I'm not exactly sure what those bowling alleys do that they call cleaning their rental shoes, but descenting or rescenting must not be part of the package. Regardless of smell, those multi-colored bowling shoes make a fashion statement. Look for a future fashion feature in our magazine in which we pair the plaid polyester-blend pants with the bowling shoes. Making the combo work is not as easy as many of you may think. In fact, my advise, as a professional in what I like to call the fashion arena, is don't try this at home.
Steve, as I was saying, was wearing the plaid pants when last seen. To complement the trousers he had a black and white checked flannel shirt. So, I'm thinking he would not be so hard to spot. Steve, it would appear, has finally hit what we in the fashion industry refer to as that really lousy old man stage in life. You know, the age when men Steve's age just reach in the closet and pick out any two items and put them on. He's been known to come to work wearing Bermuda shorts...as a shirt. At least, unlike most of the shirts he wears, there were no food stains on the shorts.

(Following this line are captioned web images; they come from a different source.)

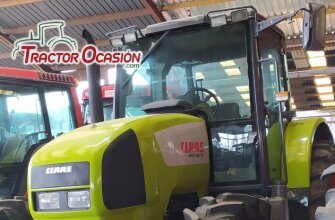 Claas Ares 616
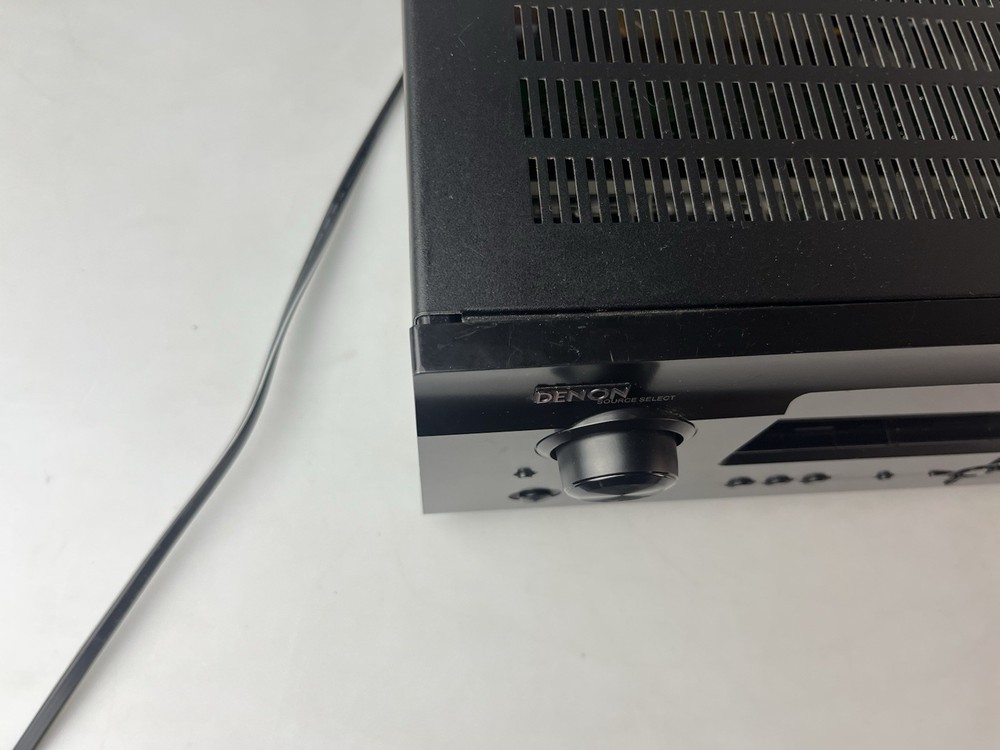 Vintage Denon AVR-591 System Receiver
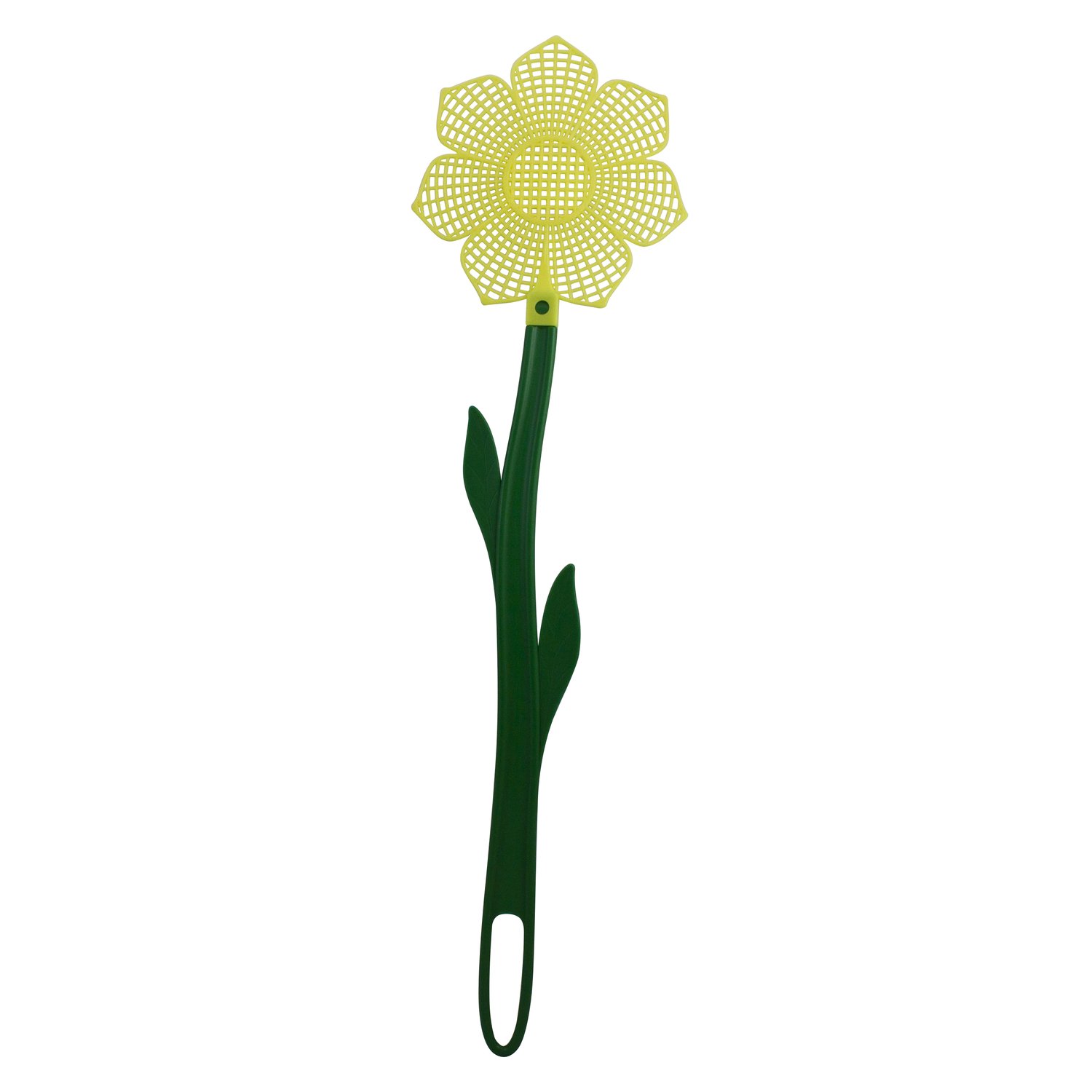 Westmark Lot De 3 Tapettes à Mouches En Forme De Fleur En Plastique Vert Couleurs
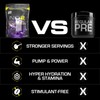 MRI NO2 Black Nitric Oxide Supplement for Pump, Muscle Growth,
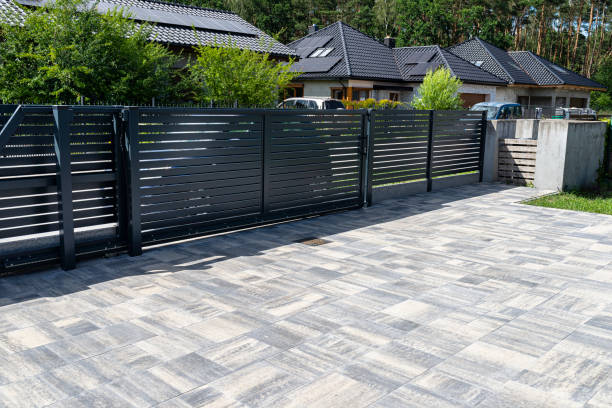 Best Residential Paver Driveway  in Seven Corners, VA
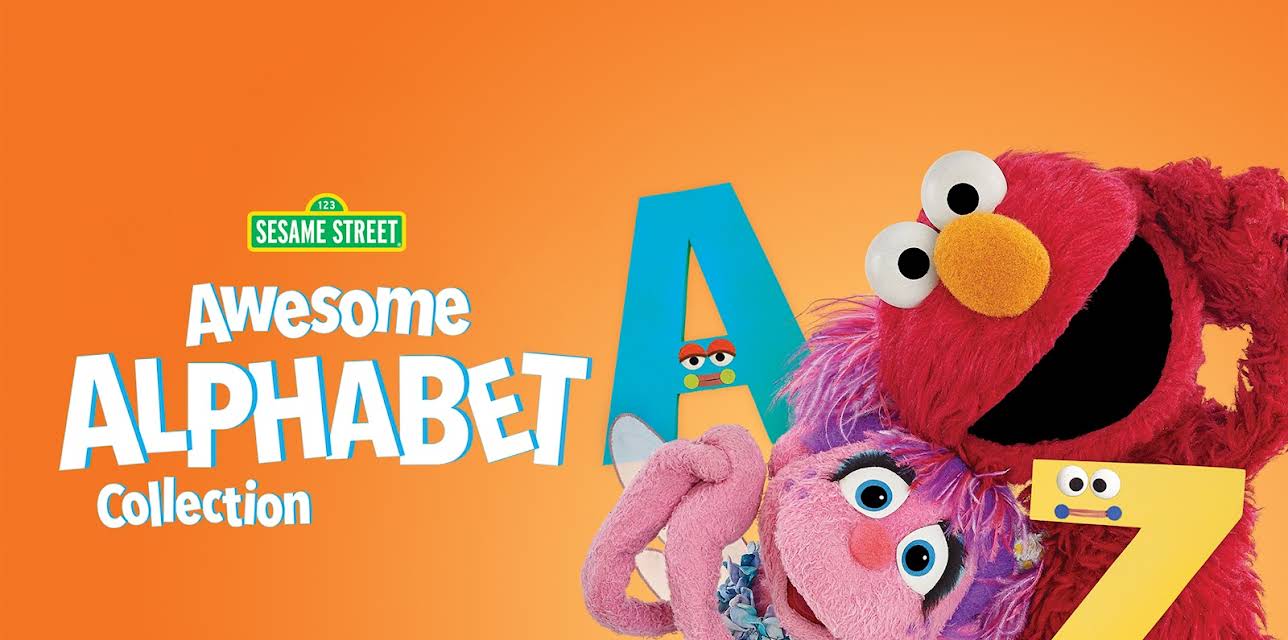 Sesame Street: Awesome Alphabet Collection (2019)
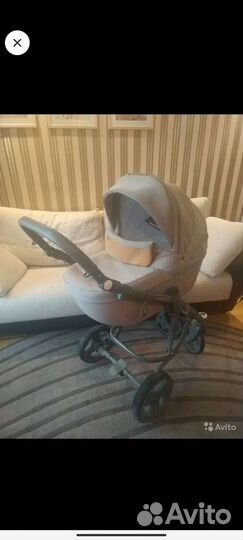 Коляска Riko Vario 2 в 1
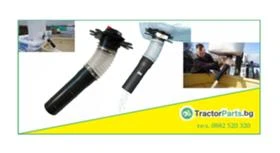 Комбайн Claas ДИСПЕНСЪР ЗА ТОР И СЕМЕНА , снимка 1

As a fashion guru, so to speak, I notice the little things, and one thing I've noticed is that Steve is one sloppy guy. He spills so much food throughout the day, that he has to hang his clothes in the refrigerator at night. As a word of advice, if you should spot Steve, don't go to lunch with him. It's a disgusting sight. He's one of those guys who talks while he eats. I won't go into detail, but suffice it to say that at company luncheons, I wear a sneeze-guard if I'm sitting anywhere near him.
If you live anywhere near the Fan,m and if you should see Steve, check his collar. He's wearing a name tag with our phone number. I have to be honest though, his disappearance is a rather welcome event for many of us here in the office. But, please give us a call if you see him. We would like to get the monkey back.